Nuts & Bolts - Case Study: Direct Mail Turns Crumbles Into Whole Cookie
Lynn R. Godbersen's brain is so wired to think about agriculture, he doesn't even notice the implication behind his comment about the decision to create a direct mail campaign around feed additives for cattle.
"Well, we've got a large sales force, but they've got a lot on their plate," says Godbersen, who represents an important link in the food supply chain to American dinner tables.
He is the senior marketing manager of feed additives at Madison, N.J.-based Zoetis, which was formerly Pfizer Animal Health. And in the fall of 2012—the season during which "cattlemen" stock up on supplies to boost bovine energy during the winter—Godbersen needed to increase sales of feed additive "crumbles," or "medications to help improve the health of cattle," without using his already stretched sales force.
"It was important that they get this mailing right at the very beginning or right when that action is happening in this market," Godbersen says.
Godbersen and representatives of Brookfield, Wis.-based marketing agency Bader Rutter put their heads together and came up with a two-phase, reward-based direct mail campaign to feed dealers.

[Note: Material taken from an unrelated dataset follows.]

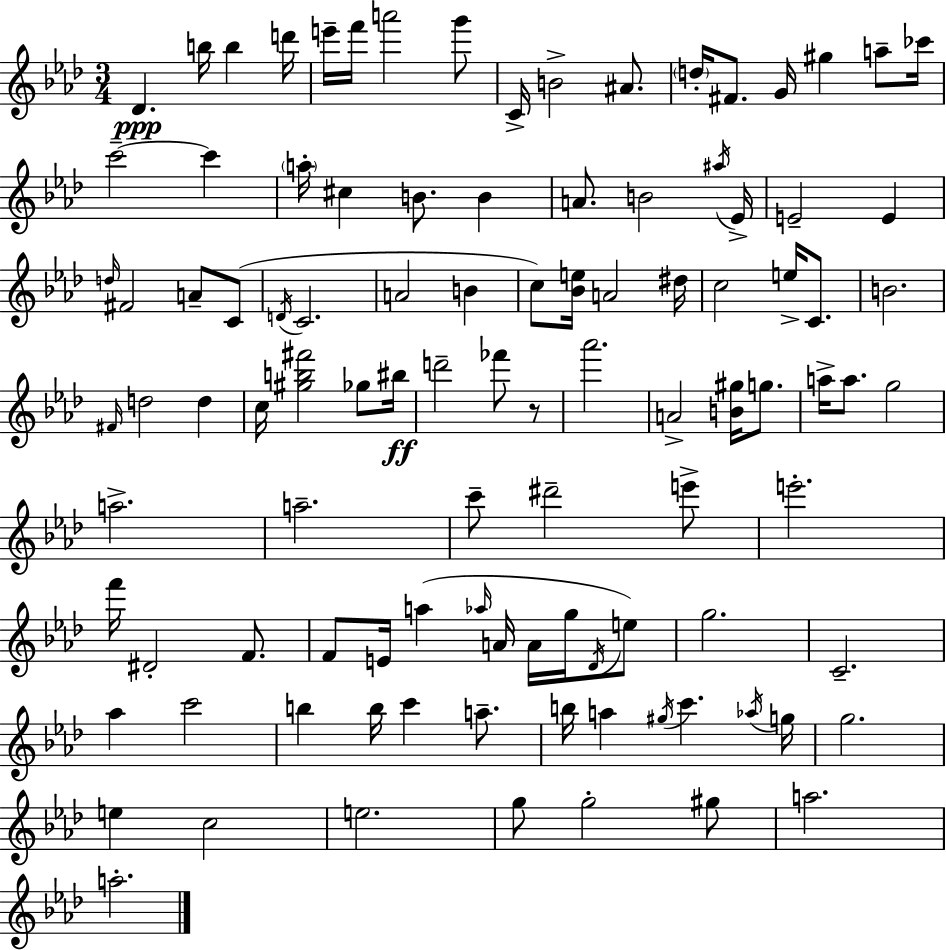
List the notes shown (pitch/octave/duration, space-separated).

Db4/q. B5/s B5/q D6/s E6/s F6/s A6/h G6/e C4/s B4/h A#4/e. D5/s F#4/e. G4/s G#5/q A5/e CES6/s C6/h C6/q A5/s C#5/q B4/e. B4/q A4/e. B4/h A#5/s Eb4/s E4/h E4/q D5/s F#4/h A4/e C4/e D4/s C4/h. A4/h B4/q C5/e [Bb4,E5]/s A4/h D#5/s C5/h E5/s C4/e. B4/h. F#4/s D5/h D5/q C5/s [G#5,B5,F#6]/h Gb5/e BIS5/s D6/h FES6/e R/e Ab6/h. A4/h [B4,G#5]/s G5/e. A5/s A5/e. G5/h A5/h. A5/h. C6/e D#6/h E6/e E6/h. F6/s D#4/h F4/e. F4/e E4/s A5/q Ab5/s A4/s A4/s G5/s Db4/s E5/e G5/h. C4/h. Ab5/q C6/h B5/q B5/s C6/q A5/e. B5/s A5/q G#5/s C6/q. Ab5/s G5/s G5/h. E5/q C5/h E5/h. G5/e G5/h G#5/e A5/h. A5/h.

They decided to target feed dealers who bought $5,000 or more worth of beef-specific products during the 18 months prior to the mailing. For this campaign, all dealers got the same offer.
The first batch of mail went out on Aug. 31 to 1,300 dealers, with the second send following a month later and reminding recipients they only had until Oct. 31 to "take advantage of this offer."
For every ton of crumbles dealers bought, they earned five to 25 points. (Godbersen says the points vary because the price points differ, depending on the type of crumbles—Deccox, Aureo or Aureomycin. "A 50-pound bag of these ranges from probably $150 to $400.") Dealers earned a stainless steel thermos for 20 points; for 50 points dealers got a cooler/warmer Godbersen says would be appropriate for, say, a pickup truck; and the biggest prize, a portable grill, went to customers who bought enough crumbles to receive 100 points.
"We got an 8 percent overall response," Godbersen says.
Zoetis sold more than $1 million worth of crumbles through this campaign, and Godbersen says he'll probably send out the direct mail again this fall. But this time, he's going to keep the Pareto Principle in mind when targeting customers. About 20 percent of recipients accounted for a large majority of the sales.
"Maybe there's some things we could do differently with that top end," Godbersen says. "Maybe more reminders. Or maybe something targeted … to them. I've also thought about maybe doing some real quick-and-dirty marketing research with those top-end, repeat customers to maybe zero-in on what would be a more attractive offer to them, going forward. So, as we continue to do this, I think we can refine that list and refine our offer to make it even more successful."